> _THE TASK_
An exact transcription is needed, starting at the line containing "PANINI Graded Cards" and running through the last line of the records, with every picture left out.
==== EXTRACTED RECORDS
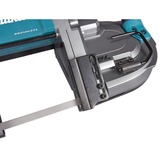 Makita Akku-Bandsäge PB002GZ XGT, 40Volt blau/schwarz, ohne Akku und Ladegerät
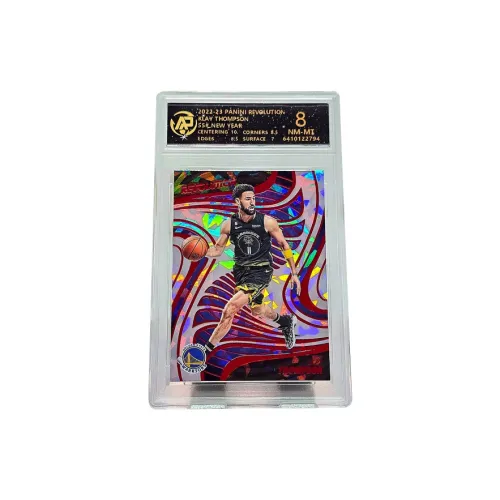 PANINI Graded Cards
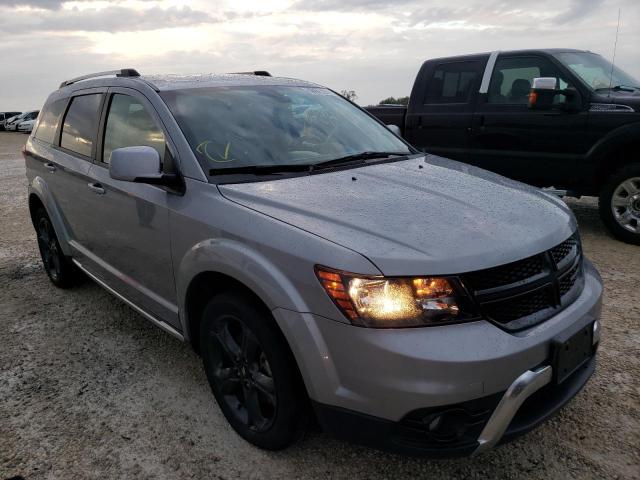 Photo 4 from auction – 2020 DODGE JOURNEY CR with VIN 3C4PDCGB9LT265437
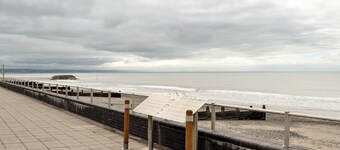 4 slaapkamer accommodatie in Tywyn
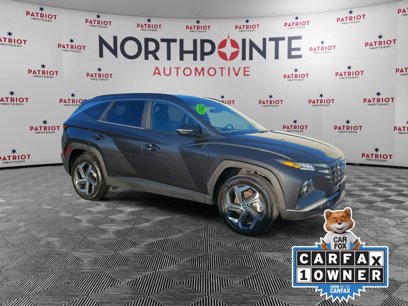 Used 2022 Hyundai Tucson SEL w/ Convenience Package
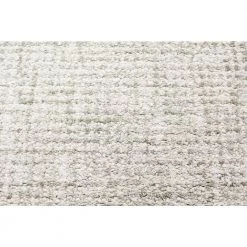Luminous Ivory 5 ft. x 8 ft. (5 ft. x 7 ft. 6 in.) Solid Contemporary Area Rug by BASHIAN -BASHIAN Shop ivory bashian area rugs 649652289977 1f 1000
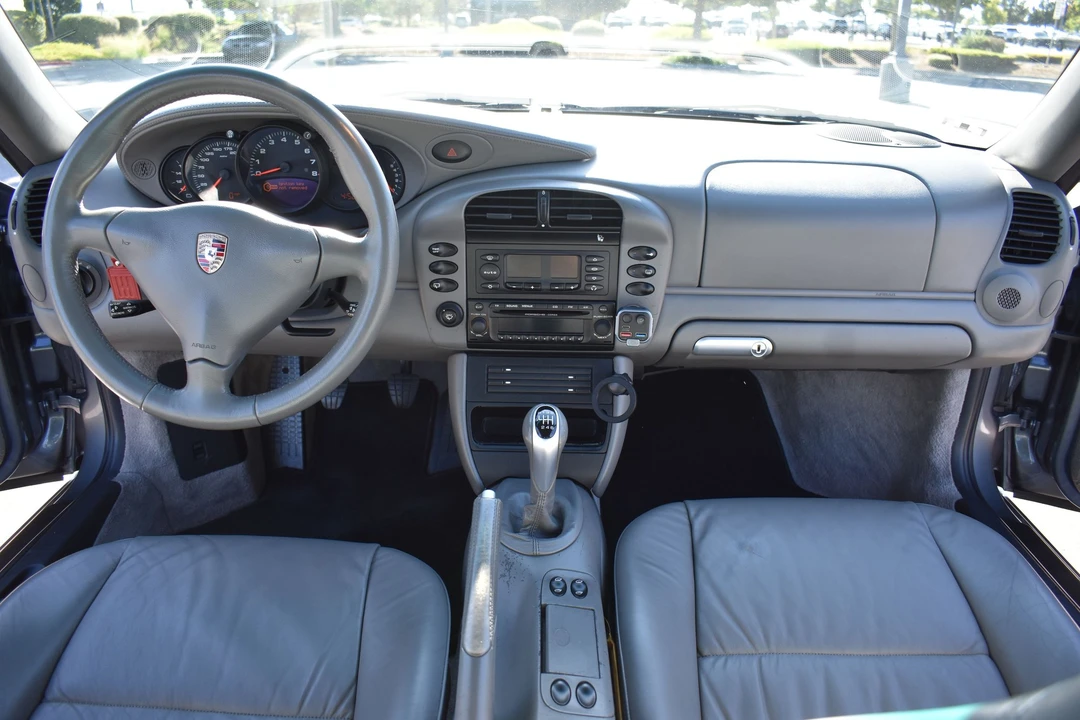 2003 Porsche 996 Carrera - Image 8 of 24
========
> _SOLUTION TO THIS TASK_
 PANINI Graded Cards
 Photo 4 from auction – 2020 DODGE JOURNEY CR with VIN 3C4PDCGB9LT265437
 4 slaapkamer accommodatie in Tywyn
 Used 2022 Hyundai Tucson SEL w/ Convenience Package
Luminous Ivory 5 ft. x 8 ft. (5 ft. x 7 ft. 6 in.) Solid Contemporary Area Rug by BASHIAN -BASHIAN Shop ivory bashian area rugs 649652289977 1f 1000
 2003 Porsche 996 Carrera - Image 8 of 24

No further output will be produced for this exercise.